Dopo l’incidente estivo, l’ultimo di una lunga serie, tra il mondo della moda e il Comune – Dolce Gabbana non avevano apprezzato il sarcasmo di un assessore sulla loro posizione fiscale – sembra che settembre abbia portato la pace, anzi una totale concordia: il sindaco non si perde una sfilata e invita gli stilisti a una serata in loro onore alla Scala. Altro stile rispetto ad Albertini che si era fatto vedere con le mutande di cachemire in compagnia di Valentino.

01editorialeFBIl clima è cambiato e Milano sembra in festa. Eppure c’è anche il volto triste della moda. A incarnarlo, involontariamente, sono modelli e modelle: non si scappa, vi vengono incontro dalle pagine di pubblicità, che in questi giorni invadono i magazines, col volto cupo, lo sguardo duro, le pose e gli atteggiamenti più improbabili ma mai un sorriso, mai un ammiccamento. Mi hanno spiegato che il tutto in fondo dovrebbe essere un richiamo erotico, un messaggio subliminale destinato agli istinti sessuali. Non lo capisco, perché pensavo che soprattutto i giovani, cui principalmente è destinata questa pubblicità, si fossero ormai liberati di tutti i pregiudizi sul sesso, soprattutto dai complessi di colpa che lo rendevano un fatto celato dietro l’ombra del peccato. Evidentemente la strada verso la libertà sessuale è ancora lunga, almeno per il mondo della moda che comunque col sesso continuamente ci gioca fra trasparenze e spacchi vertiginosi. Forse siamo rimasti al fascino del frutto proibito.

Ma non facciamo i “choosy”, come direbbe la ex ministro Fornero, non bisogna essere schizzinosi di fronte a quello che la moda vuol dire per Milano, come bene ci ha spiegato Valentina Magri nel numero scorso di ArcipelagoMilano: “Il settore ha creato un indotto da 28 milioni di euro per la Lombardia, di cui più di metà – per la precisione: 17 milioni – a beneficio del suo capoluogo.”. Di fronte a queste cifre si ferma la mia ignoranza in economia ma, come per le ricadute di Expo, ho il sospetto che i calcoli siano fatti pensando alla teoria dei sei gradi di separazione – quella dell’ungherese
Frigyes Karinthy
– per cui dopo sei passaggi siamo tutti indotto di qualcosa. Ma veniamo alla tristezza.

Le facce dei modelli e delle modelle ci inquietano perché involontariamente ne ricordano altre: quelle, ad esempio, dei 16.000 partecipanti che concorrono a 400 posti d’impiegato pubblico. Non sono con i vestiti griffati, non sono tutti belli ma sono l’umanità dolente di oggi.

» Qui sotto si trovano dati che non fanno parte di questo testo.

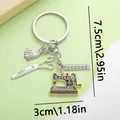 Detail view of sewing machine keychain with ruler and scissors charms showing size dimensions - Sewing Machine Scissors Ruler Dress (ER339)
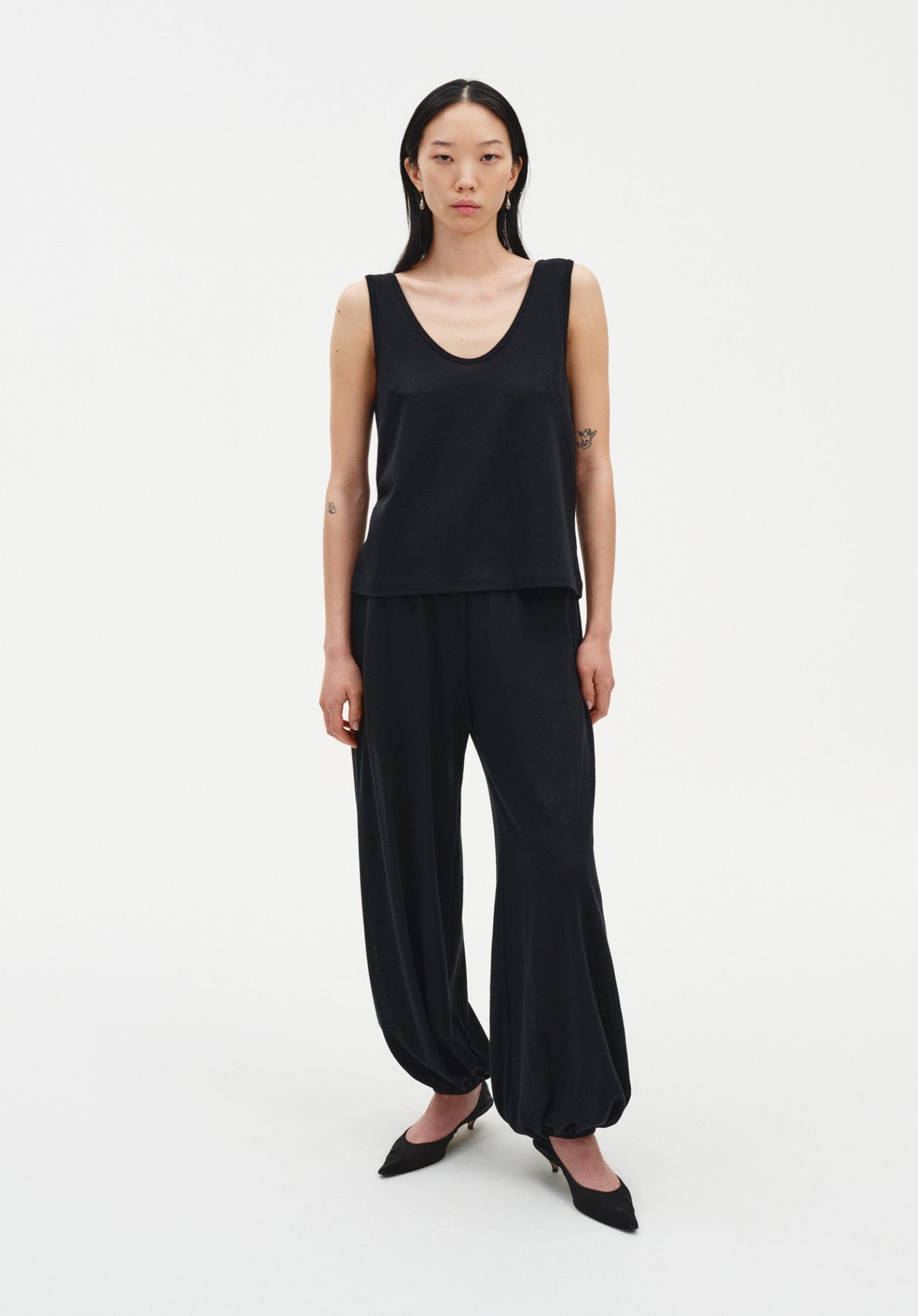 Front view of a woman wearing a black sleeveless scoop-neck tank top with a relaxed fit, paired with loose, draped black trousers gathered at the ankles and black pointed heels.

E allora la tentazione di voltare pagina ci assale e lo spettacolo è stridente come quando sui famosi magazine di queste settimane dopo decine di pagine di moda trionfante nei volti tristi arriviamo alle pagine inesorabili: quelle delle sciagure quotidiane, degli eccidi, dei suicidi disperati, delle violenze sulle donne, del razzismo e mi fermo qui.

Mi fermo qui ma ho anche sotto gli occhi il titolo dell’articolo di Carlo Verdelli sulla Repubblica del 23 scorso: “Smiracolo a Milano. Una capitale in svendita”. Articolo amaro com’è amaro sulla stessa pagina il commento di una vera milanese, Rosellina Archinto: “Più che energia vedo frenesia, ora su tutto domina il dio denaro”. Allora vale la pena di domandarsi: stiamo realmente facendo tutto il possibile perché il giorno che si apre dopo quello della moda non sia come il volto triste dei suoi modelli? Le istituzioni milanesi sono all’altezza? Si vogliono utilizzare vere competenze e non compiacenti pareri? Il nodo della burocrazia lo si vuole sciogliere? Siamo arrivati alla fine dell’ossequio ai diritti acquisiti? Dopo la vecchia classe imprenditoriale che vende e pensa sopratutto alla finanza ce ne sarà una nuova che crea? E della classe politica che impedisce il suo rinnovamento cosa ne pensiamo?